Tiga Metode Membaca Al-Quran
Pada bulan Ramadhan, semangat dan atmosfer
beribadah kaum Muslimin bertambah. Selain puasa yang sudah diwajibkan, di
sana-sini banyak dilantunkan bacaan Al-Quran, dilaksanakan shalat tarawih,
kegiatan santunan dan buka bersama, serta banyak lagi amalan-amalan masyarakat
untuk menghidupkan Islam dalam suasana Ramadhan. Tentu hal yang sedemikian amat
menggembirakan.
Dari sekian amalan itu, salah satu juga yang paling
diutamakan adalah memperbanyak membaca Al-Quran di bulan Ramadhan. Bulan ini
adalah bulan awal diturunkannya Al-Quran untuk umat manusia, dan meskipun masih
terdapat khilafiyah, sebagian ulama menyebutkan bahwa Nuzulul Qur’an, awal
turunnya Al-Qur’an adalah pada 17 Ramadhan. Tentu saja menyemarakkan Al Quran
adalah pilihan baik di bulan baik ini.
Membaca Al-Quran jelas memiliki faedah dan
keistimewaan tersendiri. Setiap hurufnya, kita tahu, diganjar dengan sepuluh
kebajikan. Setiap seseorang membaca Al-Quran, hal itu telah dinilai sebagai
ibadah. Di masyarakat kita pun rupanya ada yang membaca perlahan-lahan, atau
dengan cara cepat. Di kalangan ulama ahli qiraat Al-Quran, cara membaca
Al-Quran memiliki tiga metode yang biasa diamalkan oleh pembaca Al-Quran.
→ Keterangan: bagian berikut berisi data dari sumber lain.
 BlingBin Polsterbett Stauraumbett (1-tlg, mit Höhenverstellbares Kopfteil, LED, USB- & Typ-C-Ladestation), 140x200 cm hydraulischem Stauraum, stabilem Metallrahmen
Sayyid Muhammad bin Alwi Al-Maliki dalam Qowaidul
Asasiyyah fi Ulumil Qur’an menyebutkan bahwa dalam membaca Al-Quran itu ada
tiga cara.
Pertama, yang disebut tahqiq. Metode membaca
secara tahqiq ini mengusahakan makharijul huruf dan pelafalan huruf hijaiyah
dengan tepat, memenuhi panjang pendeknya bacaan, juga memperjelas hamzah dan
harakatnya. Selain itu, kaidah tajwid terkait izhar, idgham, serta hukum-hukum
lainnya terkait huruf "nun" dan "mim" yang diberi harakat
sukun juga diperhatikan betul. Dan tak lupa dicermati kaidah waqaf, saktah,
juga letak-letak pemberhentian ayat. Dengan cara yang demikian, lisan
dibiasakan membaca Al-Quran sesempurna mungkin.
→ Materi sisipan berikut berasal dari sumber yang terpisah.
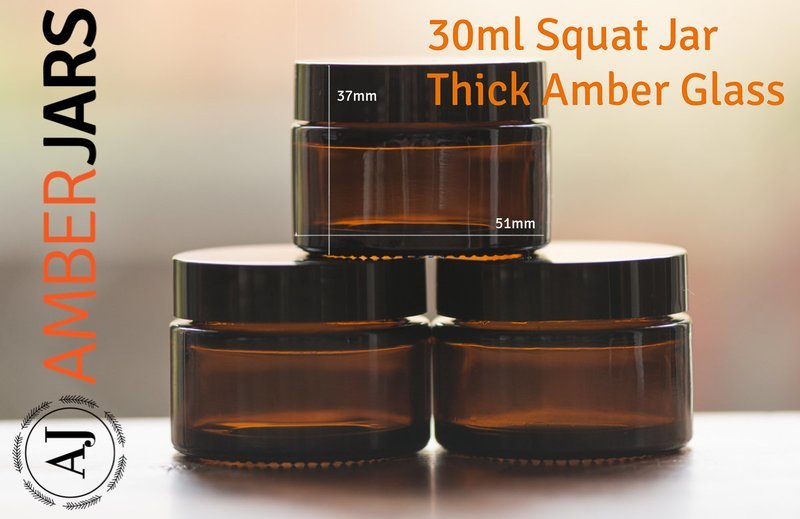 30ml Amber Glass SQUAT Jar with Black Wadded Lid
Menurut Sayyid Muhammad bin Alwi Al-Maliki, bacaan
semacam ini dianjurkan betul bagi para pelajar Al-Quran, utamanya di tingkat
pemula. Tujuannya supaya bacaan orang tersebut tidak melewati batas yang dapat
mencederai bacaan Al-Quran sendiri saat kelak sudah lebih lanyah, lancar
membaca Al-Quran.
Kedua, cara membaca yang disebut hadr. Cara
ini mempercepat bacaan dengan memperpendek bacaan-bacaan mad, tetapi tetap
dengan memperhatikan tanda baca untuk menepati tatabahasa Arab dan memantapkan
lafalnya. Cara yang paling sering diamalkan juga adalah mengurangi ghunnah,
atau mengurangi panjang bacaan mad. Yang jelas, bacaan ini tidak mencapai cara
membaca Al-Quran yang sempurna sebagaimana tahqiq.
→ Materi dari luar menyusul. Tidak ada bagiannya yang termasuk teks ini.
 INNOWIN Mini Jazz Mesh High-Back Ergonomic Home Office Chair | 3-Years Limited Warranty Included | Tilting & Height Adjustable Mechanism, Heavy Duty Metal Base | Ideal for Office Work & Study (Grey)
Ketiga, adalah metode tadwir. Cara ini
merupakan pertengahan antara cara tahqiq yang begitu pelan dan mantap dan hadr
yang begitu ringkas dan cepat. Untuk metode tadwir ini, hal yang terpenting
adalah bacaan-bacaan mad yang tidak dipenuhkan, seperti pada mad ja’iz
munfashil, tidak sampai panjang enam ketukan. Tidak terlalu pelan, tetapi
juga tidak disempurnakan betul.
Hal yang terpenting dari ketiga bacaan itu, adalah
pentingnya memahami tajwid dan pemberhentian baca Al-Quran (waqaf). Tentu di
sekitar kita, baik saat tadarusan, atau khataman Al-Quran, ada yang membaca
Al-Quran dengan cepat, atau pelan-pelan. Sebaiknya bacaan ini disesuaikan
dengan kebutuhan dan target yang ingin dicapai. Semisal pada even khataman,
tentu para hafizh Al-Quran memiliki cara membaca sendiri untuk mengkhatamkan
lebih cepat.
Pun di sekitar kita ada yang mungkin masih belum
lancar dan tergagap-gagap membacanya, hal itu tak menghalangi perolehan
kemuliaan belajar membaca Al-Quran. Asal tetap bersemangat untuk terus membaca,
memaknai, dan memahami Al-Quran, semoga itu menjadi wasilah agar Al-Quran kelak
menjadi penolong di Hari Kiamat. Wallahu a’lam.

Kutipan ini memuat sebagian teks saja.